NEW ORLEANS (Reuters) - Prosecutors accused former New Orleans mayor Ray Nagin, who led the city during Hurricane Katrina, of running a graft scheme that netted him cash, vacation trips and granite supplies in exchange for contracts to help rebuild the city after the storm.
Nagin, 57, who was swept into office on promises of good government in 2002 and re-elected in 2006, was indicted a year ago by a federal grand jury on 21 counts of corruption, including bribery, wire fraud, conspiracy, money laundering and filing false tax returns.
“The evidence presented at this trial will show that Ray Nagin was a corrupt mayor - plain and simple,” prosecutor Matthew Coman said in a 45-minute opening statement on Thursday.
Nagin’s attorney, Robert C. Jenkins, told the jury to expect ample evidence that will counter the prosecution’s charges.
“We have thousands and thousands of emails that support that there was no corruption ... no kickbacks,” Jenkins said in an opening statement that lasted about 10 minutes.
If convicted, Nagin could be sentenced to at least 20 years under federal guidelines, said Tania Tetlow, a Tulane University law professor and former assistant U.S. attorney.
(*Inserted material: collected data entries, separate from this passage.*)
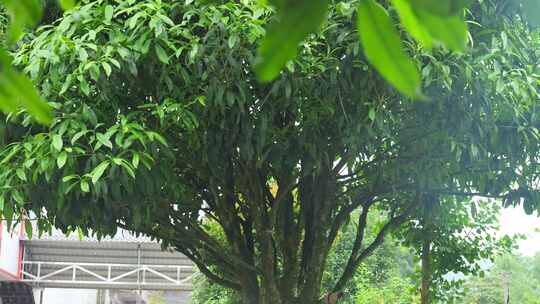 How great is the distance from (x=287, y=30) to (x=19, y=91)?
0.30 metres

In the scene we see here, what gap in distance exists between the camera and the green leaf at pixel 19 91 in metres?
0.76

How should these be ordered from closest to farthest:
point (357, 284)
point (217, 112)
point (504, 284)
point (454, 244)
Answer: point (217, 112), point (454, 244), point (357, 284), point (504, 284)

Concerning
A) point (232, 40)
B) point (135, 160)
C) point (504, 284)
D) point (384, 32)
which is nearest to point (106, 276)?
point (504, 284)

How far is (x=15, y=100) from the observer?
792 millimetres

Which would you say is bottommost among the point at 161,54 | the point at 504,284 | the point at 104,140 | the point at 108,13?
the point at 104,140

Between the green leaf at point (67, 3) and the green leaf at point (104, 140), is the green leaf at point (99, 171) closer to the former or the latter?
the green leaf at point (104, 140)

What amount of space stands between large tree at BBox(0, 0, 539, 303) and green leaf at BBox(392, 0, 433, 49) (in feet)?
11.9

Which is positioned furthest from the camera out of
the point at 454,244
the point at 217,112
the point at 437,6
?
the point at 454,244

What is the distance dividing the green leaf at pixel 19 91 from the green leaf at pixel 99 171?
12.2 ft

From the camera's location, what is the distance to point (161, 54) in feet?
15.3

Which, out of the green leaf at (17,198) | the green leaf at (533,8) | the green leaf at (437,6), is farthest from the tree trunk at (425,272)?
the green leaf at (437,6)

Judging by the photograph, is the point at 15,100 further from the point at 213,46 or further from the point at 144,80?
the point at 144,80

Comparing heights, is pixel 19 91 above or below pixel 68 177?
below

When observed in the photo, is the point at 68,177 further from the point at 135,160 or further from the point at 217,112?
the point at 217,112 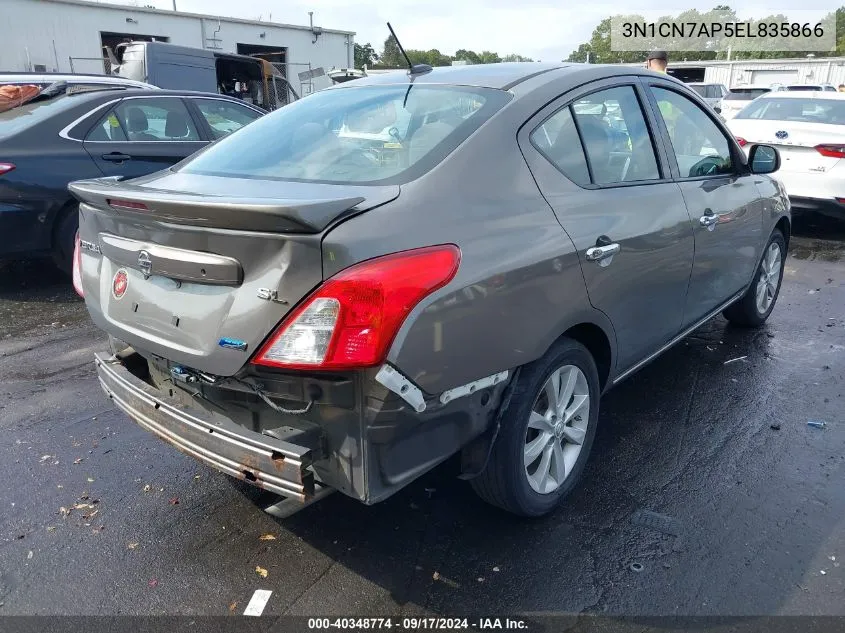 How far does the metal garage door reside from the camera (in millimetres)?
33375

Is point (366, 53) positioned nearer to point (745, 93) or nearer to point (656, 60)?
point (745, 93)

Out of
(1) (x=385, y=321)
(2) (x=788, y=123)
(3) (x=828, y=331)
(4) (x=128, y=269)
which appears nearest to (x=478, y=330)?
(1) (x=385, y=321)

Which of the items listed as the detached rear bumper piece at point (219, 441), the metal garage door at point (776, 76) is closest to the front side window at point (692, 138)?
the detached rear bumper piece at point (219, 441)

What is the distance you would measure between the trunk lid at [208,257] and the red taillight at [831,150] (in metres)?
6.82

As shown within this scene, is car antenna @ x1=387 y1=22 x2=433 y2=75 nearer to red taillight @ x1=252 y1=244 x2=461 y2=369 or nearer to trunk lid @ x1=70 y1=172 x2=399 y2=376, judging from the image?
trunk lid @ x1=70 y1=172 x2=399 y2=376

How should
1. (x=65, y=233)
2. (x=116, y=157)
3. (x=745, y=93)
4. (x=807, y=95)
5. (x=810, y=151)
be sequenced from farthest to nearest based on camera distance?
(x=745, y=93) < (x=807, y=95) < (x=810, y=151) < (x=116, y=157) < (x=65, y=233)

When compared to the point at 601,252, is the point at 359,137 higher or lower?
higher

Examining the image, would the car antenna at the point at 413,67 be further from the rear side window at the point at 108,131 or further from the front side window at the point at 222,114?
the front side window at the point at 222,114

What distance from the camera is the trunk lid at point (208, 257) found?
1.94 meters

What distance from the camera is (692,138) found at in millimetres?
3807

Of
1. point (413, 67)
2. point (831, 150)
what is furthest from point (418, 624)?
point (831, 150)

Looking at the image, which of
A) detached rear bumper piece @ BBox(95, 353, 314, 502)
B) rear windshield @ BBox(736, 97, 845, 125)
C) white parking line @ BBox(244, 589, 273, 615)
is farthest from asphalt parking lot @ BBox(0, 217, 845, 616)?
rear windshield @ BBox(736, 97, 845, 125)

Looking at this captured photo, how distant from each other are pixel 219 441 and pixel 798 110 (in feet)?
28.7

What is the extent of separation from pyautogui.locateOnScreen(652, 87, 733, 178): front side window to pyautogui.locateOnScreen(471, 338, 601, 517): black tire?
149 centimetres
Among other things, Nagin is accused of receiving kickbacks and free family trips to Hawaii and Jamaica in exchange for contracts for city business.
Prosecutors said a major contractor seeking business from the city gave the mayor $50,000 in payoffs and sent truckloads of granite worth an estimated $200,000 to supply a kitchen countertop company Nagin owned with his sons.
Nagin not only accepted bribes while in office, but also arranged for post-City Hall payments of more than $112,000 from contractors between August 2010 and March 2011, Coman said.
“In all, Ray Nagin took in more than $500,000 in illegal proceeds,” Coman said.
During a long federal investigation, former Nagin aides and associates signed plea deals with the government, agreeing to testify against him.
Nagin’s attorneys questioned the credibility of those witnesses, especially after they agreed to testify against the former mayor in exchange for a lighter sentence.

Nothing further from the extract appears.